Launching jobs with large docker images in mesos via aurora can be slow


When launching a task over mesos via aurora that uses a rather large docker image (~2GB) there is a long wait time before the task actually starts.

Even when the task has been previously launched and we would expect the docker image to already be available to the worker node, there is still a waiting time dependent on image size before the task actually launches. Using docker, you can launch a container almost instantly as long as it is in your images list already, does the mesos containerizer not support this "caching" as well ? Is this functionality something that can be configured ?
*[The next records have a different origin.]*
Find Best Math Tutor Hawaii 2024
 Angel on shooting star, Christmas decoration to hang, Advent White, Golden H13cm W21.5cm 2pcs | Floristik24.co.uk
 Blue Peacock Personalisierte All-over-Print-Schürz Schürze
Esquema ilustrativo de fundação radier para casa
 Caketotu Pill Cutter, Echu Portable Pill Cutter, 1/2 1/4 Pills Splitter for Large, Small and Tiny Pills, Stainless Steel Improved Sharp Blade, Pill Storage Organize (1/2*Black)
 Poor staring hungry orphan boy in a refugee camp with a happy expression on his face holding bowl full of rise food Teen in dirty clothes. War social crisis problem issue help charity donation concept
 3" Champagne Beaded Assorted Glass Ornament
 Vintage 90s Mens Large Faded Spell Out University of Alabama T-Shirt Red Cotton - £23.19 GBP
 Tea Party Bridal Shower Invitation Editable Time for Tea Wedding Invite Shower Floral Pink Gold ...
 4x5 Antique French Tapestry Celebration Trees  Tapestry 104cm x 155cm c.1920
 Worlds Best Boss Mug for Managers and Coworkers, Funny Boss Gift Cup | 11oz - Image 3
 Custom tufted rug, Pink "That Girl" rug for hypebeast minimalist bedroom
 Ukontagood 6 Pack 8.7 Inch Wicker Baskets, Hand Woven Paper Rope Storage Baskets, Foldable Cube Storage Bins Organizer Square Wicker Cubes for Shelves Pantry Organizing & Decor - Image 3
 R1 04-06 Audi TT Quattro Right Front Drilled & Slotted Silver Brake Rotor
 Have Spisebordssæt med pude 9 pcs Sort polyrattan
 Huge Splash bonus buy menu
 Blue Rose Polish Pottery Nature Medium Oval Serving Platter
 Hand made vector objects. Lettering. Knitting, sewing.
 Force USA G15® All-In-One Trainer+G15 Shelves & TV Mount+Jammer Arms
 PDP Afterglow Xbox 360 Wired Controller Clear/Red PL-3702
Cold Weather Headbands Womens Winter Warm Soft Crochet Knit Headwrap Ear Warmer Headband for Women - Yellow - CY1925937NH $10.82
I haven't tried using the docker containerizer, but it is my understanding that it will be phased out soon anyway and that gpu resource isolation, which we require, only works for the mesos containerizer.


Solution

  • I am assuming you are talking about the unified containerizer running docker images? What is backend you are using? By default the Mesos agents use the copy backend which is why you are seeing it being slow. You can look at the backend the agent is using by hitting flags endpoint on the agent. Switch the backend to aufs or overlayfs to see if speeds up the launch. You can specify the backend through the flag --image_provisioner_backend=VALUE on the agent.

    NOTE: There are few bugs fixes related to aufs and overlayfs backend in the latest Mesos release 1.2.0-rc1 that you might want to pick up. Not to mention that there is an autobackend feature in 1.2.0-rc1 that will automatically select the fastest backend available.